**RECORD SET**

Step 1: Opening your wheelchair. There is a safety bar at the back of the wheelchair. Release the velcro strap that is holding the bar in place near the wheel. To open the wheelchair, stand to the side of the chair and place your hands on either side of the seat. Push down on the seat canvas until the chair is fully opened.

--

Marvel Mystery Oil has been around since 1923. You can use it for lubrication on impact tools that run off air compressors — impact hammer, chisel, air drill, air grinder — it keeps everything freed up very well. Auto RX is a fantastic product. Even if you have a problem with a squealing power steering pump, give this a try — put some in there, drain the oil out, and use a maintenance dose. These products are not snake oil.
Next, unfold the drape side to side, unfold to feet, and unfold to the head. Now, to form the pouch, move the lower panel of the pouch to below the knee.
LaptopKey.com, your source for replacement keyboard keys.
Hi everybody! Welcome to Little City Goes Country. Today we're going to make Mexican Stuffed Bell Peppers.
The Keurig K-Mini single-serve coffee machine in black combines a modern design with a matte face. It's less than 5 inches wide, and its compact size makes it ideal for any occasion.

**TASK REQUIREMENTS**
Set down only the lines above that fall between the line holding "Next, unfold the" and the line holding "LaptopKey.com, your source", inclusive, keeping each exact.

**ANSWER TO THIS EXERCISE**
Next, unfold the drape side to side, unfold to feet, and unfold to the head. Now, to form the pouch, move the lower panel of the pouch to below the knee.
LaptopKey.com, your source for replacement keyboard keys.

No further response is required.